3 February 2004

Disabled claimants could have their benefits reduced to just 10p per week as a result of relying on Community Fund sponsored information provided by registered charity Barton Hill Advice Service (BHAS). In spite of repeated complaints BHAS continues to publish out-of-date, incomplete and misleading information on its website and, when pressured to update material, has even resorted to copying other charity's work and claiming authorship and copyright for itself.

Funding cut
BHAS is a small, East Bristol based agency providing welfare benefits advice and representation to disabled local residents. In 2001, using a funding underspend, BHAS set up a website to allow visitors to download its easy to understand, step-by-step guide to claiming disability living allowance on mental health grounds. The site attracted a great deal of positive feedback from service users and support staff and further guides to claiming disability and incapacity benefits followed. By late 2002 around 8,500 guides a month were being downloaded, amounting to over 100,000 guides a year.

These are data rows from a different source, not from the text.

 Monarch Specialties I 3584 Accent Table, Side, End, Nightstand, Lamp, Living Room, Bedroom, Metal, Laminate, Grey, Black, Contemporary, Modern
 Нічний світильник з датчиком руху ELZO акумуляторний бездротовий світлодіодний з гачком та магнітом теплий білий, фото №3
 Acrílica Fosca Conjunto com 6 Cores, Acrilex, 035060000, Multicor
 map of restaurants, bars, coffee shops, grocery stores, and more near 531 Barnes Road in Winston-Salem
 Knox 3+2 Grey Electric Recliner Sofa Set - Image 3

However, in spite of its success in attracting visitors and extremely positive feedback, the BHAS site ran out of funding in January 2003. Although the organisation has a full-time Community Funded Development Worker post no further funding appears to have been sought for the site since. The lack of funding has not, however, prevented BHAS from continuing to publish material that it knows to now be out of date.

Attendance Allowance from ages past
The most comprehensively outdated guide currently available from the site is the BHAS guide to claiming Attendance Allowance (AA). AA is a benefit for disabled people aged 65 and older who have difficulty with everyday activities such as washing, bathing and dressing themselves. The 46 page BHAS guide explains in great detail how to complete a two part 33 page claim pack for AA. However, the AA claim pack was dramatically reduced in size to just 19 pages in October 2002. BHAS, nonetheless, continue to publish a detailed guide to completing a pack that does not exist.

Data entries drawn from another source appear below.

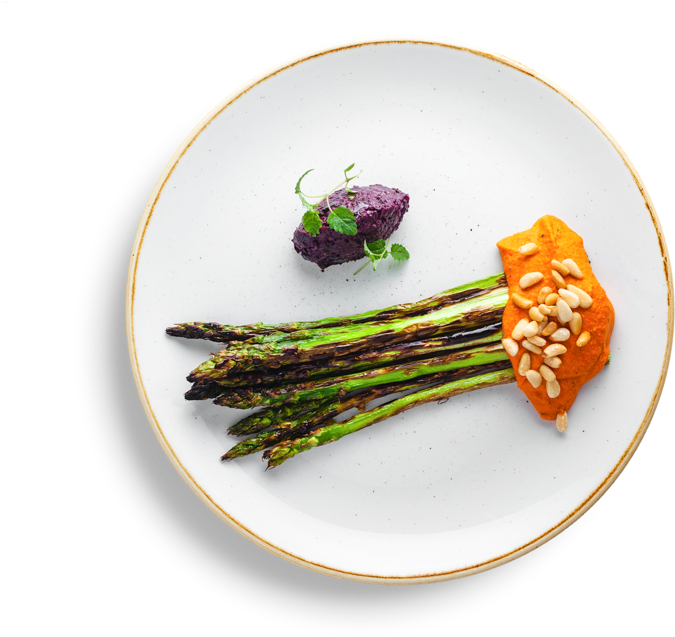 Gourmet Asparagus Dishwith Purée PNG Image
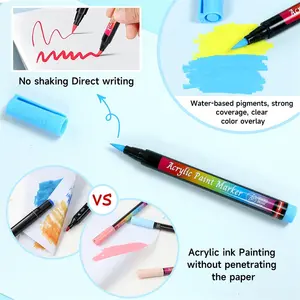 Pet Colorful Hair Fine Tip Acrylic Painter Marker Pen Set Rainbow Color Acrylic Paint Pen Acrylic Paint Pens Permanent Marker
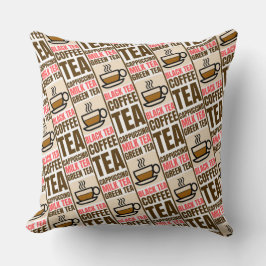 COFFEE TEA MÖNSTER, Dekorativ kudde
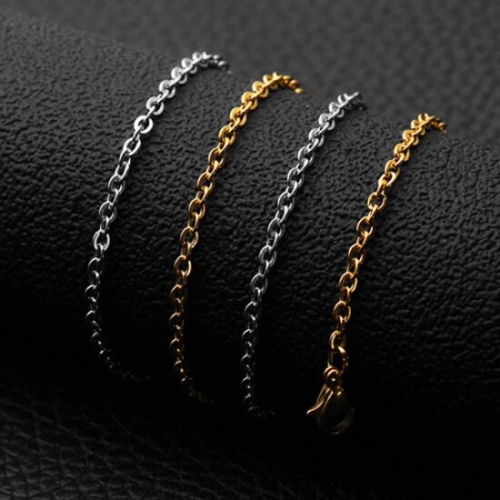 핑크  쿠디 써지컬스틸 쇄골체인 남녀공용 체인목걸이 골드 W793CA1 W793CA1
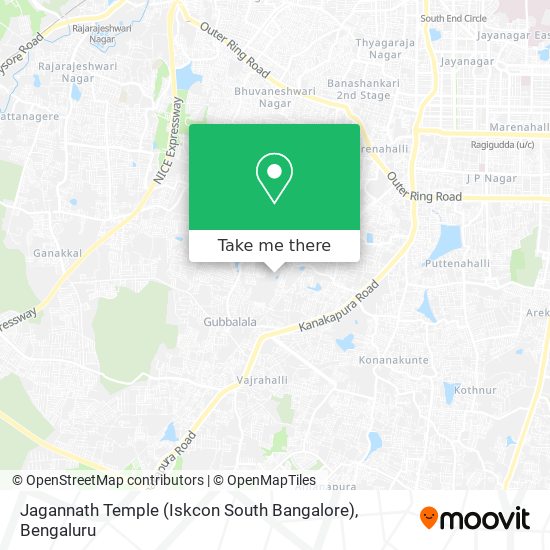 Jagannath Temple (Iskcon South Bangalore) map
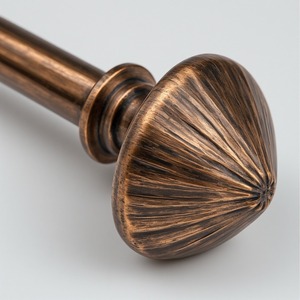 Poteau de rideau simple Horizon chaud fabriqué avec un ton poli brun offrant une apparence confortable, une force et un naturel - Product Image 3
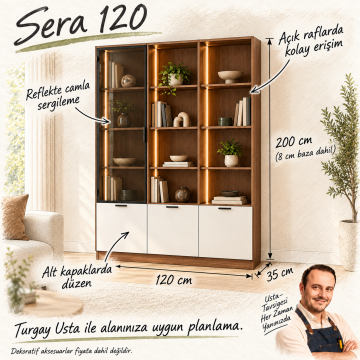 Sera 120 Ceviz Beyaz Reflekte Camlı Dikey LED Kitaplık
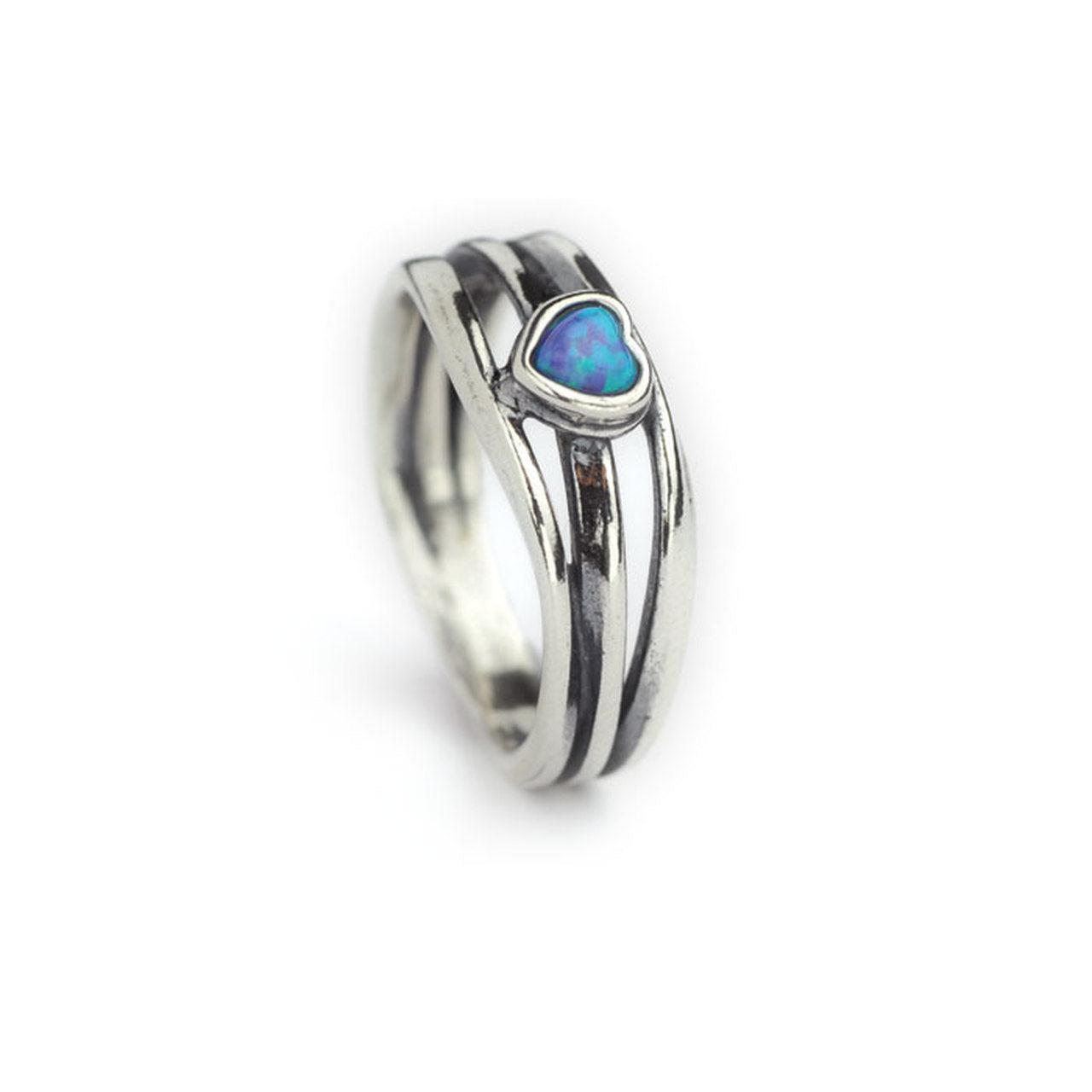 Opal Love Heart Ring - The Nancy Smillie Shop - Art, Jewellery & Designer Gifts Glasgow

This is particularly inexcusable as staff at BHAS work in the Bristol area, where the shortened AA pack was piloted for over a year before being introduced nationally. Nor can BHAS staff claim that they were unaware that the pack had gone national: apart from all the other sources of information available to them, such as welfare rights publications, websites and forums, they were specifically told in a letter of complaint in October 2003 that the AA guide was now out-of-date.

For older people struggling with long-term illness or disability, making a claim for AA can be a difficult and distressing experience. Downloading a 46 page step-by-step guide to the process, which you may have had to pay 10p a sheet to your local library to print off, only to discover it bears no relation at all to the form you actually have to fill, out might well be enough to make some disabled claimants give up in despair. The BHAS guide bears the logo of the Community Fund and BHAS' charitable registration details, encouraging people to believe that they can rely upon it

Wales on 10p a week
The most alarming departure from accuracy on the site, however, is contained in a publication entitled Getting the best from work-focused interviews. Work-focused interviews, which look at ways of improving claimants' work prospects, are compulsory for an increasing number of people, even if they have been found incapable of work. Failure to attend and participate can lead to a claim for a benefit being turned down or existing benefits being reduced.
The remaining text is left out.